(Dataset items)
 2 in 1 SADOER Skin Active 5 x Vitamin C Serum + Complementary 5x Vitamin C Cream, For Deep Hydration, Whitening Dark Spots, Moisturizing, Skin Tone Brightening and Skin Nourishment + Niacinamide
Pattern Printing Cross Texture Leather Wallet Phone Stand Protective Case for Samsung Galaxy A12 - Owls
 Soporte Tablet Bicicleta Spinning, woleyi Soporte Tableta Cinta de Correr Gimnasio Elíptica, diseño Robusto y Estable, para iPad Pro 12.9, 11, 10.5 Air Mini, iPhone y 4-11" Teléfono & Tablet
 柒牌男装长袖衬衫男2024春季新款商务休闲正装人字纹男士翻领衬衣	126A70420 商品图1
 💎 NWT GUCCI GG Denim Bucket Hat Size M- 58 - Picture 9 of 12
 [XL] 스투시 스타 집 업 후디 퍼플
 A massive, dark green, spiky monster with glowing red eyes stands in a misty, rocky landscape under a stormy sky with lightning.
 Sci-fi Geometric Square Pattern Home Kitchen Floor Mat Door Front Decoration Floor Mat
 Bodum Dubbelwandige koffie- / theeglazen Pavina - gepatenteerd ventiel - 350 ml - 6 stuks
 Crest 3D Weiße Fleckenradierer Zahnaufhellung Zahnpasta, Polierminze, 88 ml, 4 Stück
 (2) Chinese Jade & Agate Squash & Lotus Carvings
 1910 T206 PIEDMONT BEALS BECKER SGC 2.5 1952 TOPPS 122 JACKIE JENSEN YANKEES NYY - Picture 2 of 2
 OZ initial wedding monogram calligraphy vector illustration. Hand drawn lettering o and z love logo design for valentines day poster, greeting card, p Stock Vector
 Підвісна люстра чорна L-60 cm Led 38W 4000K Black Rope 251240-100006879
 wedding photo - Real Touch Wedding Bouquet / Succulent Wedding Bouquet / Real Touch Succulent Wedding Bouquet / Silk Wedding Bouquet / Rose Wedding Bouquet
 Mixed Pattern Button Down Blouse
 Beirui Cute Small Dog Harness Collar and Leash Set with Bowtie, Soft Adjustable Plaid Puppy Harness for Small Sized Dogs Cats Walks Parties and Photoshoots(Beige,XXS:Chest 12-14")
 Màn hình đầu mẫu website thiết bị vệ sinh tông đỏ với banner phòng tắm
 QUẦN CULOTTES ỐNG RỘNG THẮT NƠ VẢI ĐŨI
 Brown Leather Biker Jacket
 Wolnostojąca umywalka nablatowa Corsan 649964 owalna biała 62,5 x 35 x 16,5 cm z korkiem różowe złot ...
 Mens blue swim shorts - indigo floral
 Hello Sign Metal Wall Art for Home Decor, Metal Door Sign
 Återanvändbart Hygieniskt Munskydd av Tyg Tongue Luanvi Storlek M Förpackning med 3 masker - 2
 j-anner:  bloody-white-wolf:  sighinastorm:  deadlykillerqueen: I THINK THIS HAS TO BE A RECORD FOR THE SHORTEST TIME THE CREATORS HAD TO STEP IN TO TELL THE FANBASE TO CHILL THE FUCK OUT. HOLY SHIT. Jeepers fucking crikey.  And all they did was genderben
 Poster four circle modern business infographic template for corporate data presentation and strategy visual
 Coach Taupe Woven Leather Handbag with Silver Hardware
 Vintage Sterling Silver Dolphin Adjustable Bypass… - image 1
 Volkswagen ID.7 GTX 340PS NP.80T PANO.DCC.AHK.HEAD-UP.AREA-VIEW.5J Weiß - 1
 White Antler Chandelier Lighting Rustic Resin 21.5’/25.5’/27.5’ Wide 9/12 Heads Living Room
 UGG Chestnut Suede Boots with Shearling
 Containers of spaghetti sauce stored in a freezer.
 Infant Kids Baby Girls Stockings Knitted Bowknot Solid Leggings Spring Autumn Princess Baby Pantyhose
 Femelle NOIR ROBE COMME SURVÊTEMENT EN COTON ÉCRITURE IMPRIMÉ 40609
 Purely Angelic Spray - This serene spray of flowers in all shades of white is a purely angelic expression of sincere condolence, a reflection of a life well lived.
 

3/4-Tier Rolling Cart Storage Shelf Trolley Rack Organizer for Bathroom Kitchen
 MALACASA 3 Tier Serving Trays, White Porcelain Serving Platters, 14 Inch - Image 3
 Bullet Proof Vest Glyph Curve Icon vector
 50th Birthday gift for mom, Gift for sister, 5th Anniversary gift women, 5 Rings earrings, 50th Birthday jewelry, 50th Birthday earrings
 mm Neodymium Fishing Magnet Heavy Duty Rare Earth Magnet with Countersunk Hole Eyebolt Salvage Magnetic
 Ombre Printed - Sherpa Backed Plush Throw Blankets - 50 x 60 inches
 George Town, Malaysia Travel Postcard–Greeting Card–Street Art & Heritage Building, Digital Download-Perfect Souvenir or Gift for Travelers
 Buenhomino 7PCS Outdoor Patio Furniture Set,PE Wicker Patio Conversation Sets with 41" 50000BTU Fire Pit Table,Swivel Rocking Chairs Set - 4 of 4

▸ TASK TO CARRY OUT:
In the answer, give the lines from the first line of the data through the line with "Pattern Printing Cross", exactly as they appear and with no additions.

▸ RESULT:
 2 in 1 SADOER Skin Active 5 x Vitamin C Serum + Complementary 5x Vitamin C Cream, For Deep Hydration, Whitening Dark Spots, Moisturizing, Skin Tone Brightening and Skin Nourishment + Niacinamide
Pattern Printing Cross Texture Leather Wallet Phone Stand Protective Case for Samsung Galaxy A12 - Owls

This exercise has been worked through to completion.